Web page caption snippets:

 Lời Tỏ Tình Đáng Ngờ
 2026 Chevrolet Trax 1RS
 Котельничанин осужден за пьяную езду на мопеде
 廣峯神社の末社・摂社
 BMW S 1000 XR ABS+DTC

...

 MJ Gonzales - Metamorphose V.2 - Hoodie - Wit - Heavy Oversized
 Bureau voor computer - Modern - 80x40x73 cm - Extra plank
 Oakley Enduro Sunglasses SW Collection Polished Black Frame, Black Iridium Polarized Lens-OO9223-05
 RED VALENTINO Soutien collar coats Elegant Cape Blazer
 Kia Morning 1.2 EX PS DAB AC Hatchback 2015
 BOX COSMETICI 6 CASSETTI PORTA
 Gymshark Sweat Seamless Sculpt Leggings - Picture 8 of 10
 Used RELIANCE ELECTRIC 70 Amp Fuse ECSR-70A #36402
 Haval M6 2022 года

Exercise: All lines above from the one containing "Lời Tỏ Tình Đáng Ngờ" to the one containing "BMW S 1000 XR ABS+DTC" must be repeated exactly, both lines included, and no others.

Your solution:
 Lời Tỏ Tình Đáng Ngờ
 2026 Chevrolet Trax 1RS
 Котельничанин осужден за пьяную езду на мопеде
 廣峯神社の末社・摂社
 BMW S 1000 XR ABS+DTC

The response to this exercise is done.